Bear with me for a couple of seconds because while the following prose mightn't whizz off the page, it is important. Way back in 1995 - that's 12 years ago - a task force on the travelling community reported its findings. A committee called the traveller monitoring committee was set up to monitor implementation of its recommendations and ten years later produced its second and final progress report.

So what was produced in that decade between 1995 and 2005? What great benefit was derived by society and by its travelling community? This is the equality department's own language describing the situation as it was in 2005: "There was a general view that it needed to be revitalised and made into a more dynamic and forward looking national forum."

In other words, not much happened that made a difference to the lot and lives and status of travellers. And so now we have a new initiative. And it's worthy. And it's headed up by a well-respected former civil servant, Kevin Bonnar. And part of its mandate will be to oversee strategies that increase the participation of travellers in wider society, including finding employment opportunities.

But then, it's part of the Towards 2016 partnership agreement. And when I see the date 2016, I automatically think of long-fingering and another report being produced that year telling us all that we haven't done enough and saying we should all do more to improve the lot of travellers.
Examiner columnist and Barnardos chief executive Fergus Finlay put it well this week, when talking about another group on the margins of priorities, children.

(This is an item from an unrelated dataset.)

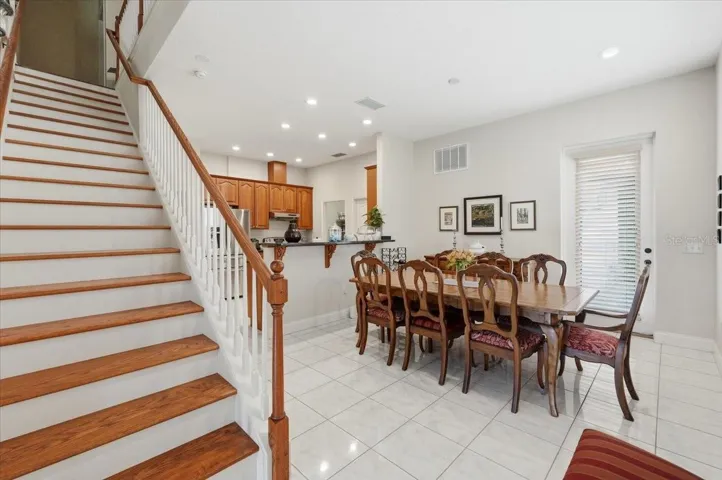 Dining/Stairs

"I've been involved in writing political manifestos before and I know that at the last minute someone says, 'We need to throw something in there about children'. So it ends up on page 40 of the manifesto."

Because the grim reality is that tangible and real improvements for marginalised people in Irish society can only happen if there is real political will. And for travellers, for those with mental illness, for families who have children with autism, or intellectual or other disabilities, or for the poor and dispossessed, children and adults, there is no real political will.

Political parties pay a lot of lip service to it. But they know that people are more likely to vote with their pockets rather than their conscience.